Friday, March 11, 2016

Standardized testing -- in or out?

My oldest child is now in 3rd grade, which in our state means it's time for the big No Child Left Behind-inspired assessments. There have been emails going around about the process of opting out, and my son even asked me about it. Some parents were having their children skip the tests, he said, so what about us?

I have mixed feelings about this. On one hand, I know what the tests will show. He knows the third grade material. His school is full of above-average children. This is time that he will not be learning much new material, or reading novels, or inventing timelines for fictional characters, or playing outside in the lovely spring air.

On the other hand, it is test practice, and I have my suspicions that test-taking is not one of his strong suits. Given that there is a lot of test taking in life (SATs, etc.) this is not a bad thing to practice in years when it doesn't much matter.

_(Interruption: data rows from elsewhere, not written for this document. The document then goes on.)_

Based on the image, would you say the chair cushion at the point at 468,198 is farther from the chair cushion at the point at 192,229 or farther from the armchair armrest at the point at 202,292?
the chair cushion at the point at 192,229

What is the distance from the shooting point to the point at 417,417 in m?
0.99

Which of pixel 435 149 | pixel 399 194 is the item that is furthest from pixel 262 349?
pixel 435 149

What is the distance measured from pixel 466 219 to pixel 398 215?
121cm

I am also not opposed to testing and assessment at all. While there were many flaws with NCLB (the lack of national standards, the once-annual as opposed to value-added and no-ceiling approaches) I know that there were schools that simply weren't teaching kids, and then claimed that tests couldn't account for all they did. Well, maybe. My son has had amazing teachers, which any test would show. I had plenty of good teachers over the years, too, though I also had some lousy teachers that I feel more rigorous assessment could have sussed out. That at least is the basic idea of testing and accountability.

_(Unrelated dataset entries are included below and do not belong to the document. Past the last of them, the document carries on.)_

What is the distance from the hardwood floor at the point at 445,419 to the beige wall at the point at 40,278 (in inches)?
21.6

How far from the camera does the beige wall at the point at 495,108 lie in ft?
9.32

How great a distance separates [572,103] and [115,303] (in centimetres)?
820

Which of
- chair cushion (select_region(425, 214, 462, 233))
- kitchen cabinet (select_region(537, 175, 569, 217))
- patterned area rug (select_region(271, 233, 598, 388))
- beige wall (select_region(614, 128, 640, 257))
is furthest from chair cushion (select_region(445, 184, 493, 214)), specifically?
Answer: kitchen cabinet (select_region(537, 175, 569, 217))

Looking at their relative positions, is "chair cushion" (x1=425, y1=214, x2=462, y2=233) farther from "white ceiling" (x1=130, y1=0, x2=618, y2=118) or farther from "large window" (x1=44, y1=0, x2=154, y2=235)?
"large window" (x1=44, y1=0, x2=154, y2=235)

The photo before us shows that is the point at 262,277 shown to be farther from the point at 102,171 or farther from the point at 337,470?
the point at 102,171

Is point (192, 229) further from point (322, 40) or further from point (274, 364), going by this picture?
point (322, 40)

In any case, I know many readers of Gifted Exchange have dealt with NCLB grade-level tests for years. What did you do? Did your schools have a culture of opting out? Did lots of families opt out, or was there broad encouragement to stay in? (if not from administrators, from other parents at least).

I would be curious to hear your experiences.


gasstationwithoutpumps said...

When our son was in school, he took every test that was offered. What else was he going to do with the time? The school wasn't going to give him something more fun. He did not mind the easy tests, and the school did not waste time on "test prep".

When we were home-schooling (10th grade and up), he took useful tests (pSAT, SAT, AP, SAT 2, AMC 10, AMC 12), but not useless ones (the state tests). He would have had to make a special trip across town to take the tests, and we weren't going to learn anything from them. He had plenty of better things to do with his time (too many other things most years).

lgm said...

During the nclb days, my sons took the tests. One cannot opt out of test prep, nor can one opt out of inclusive lessons. I afterschooled to make up for the district's decision to abandon grouping by instructional need for k to 6.test results clealry showed that the school was teaching less and less, although that was obvious the first year of state testing when the third grader was still reviewing last years material for the benefit of the included. Most middle class parents have left public school here...there is nothing for their child if they cant get an honors seat, and they won t because those seats are reserved for staff children and good ol boy children.

Anonymous said...

In an adjacent district to your district - very few opt out. My kids took the tests. As you mentioned, it is good practice for what is to come. My kids seem to do well on the fill-in-the-bubble tests, though we know some very bright kids who don't do as well as you might expect, so the practice can't hurt.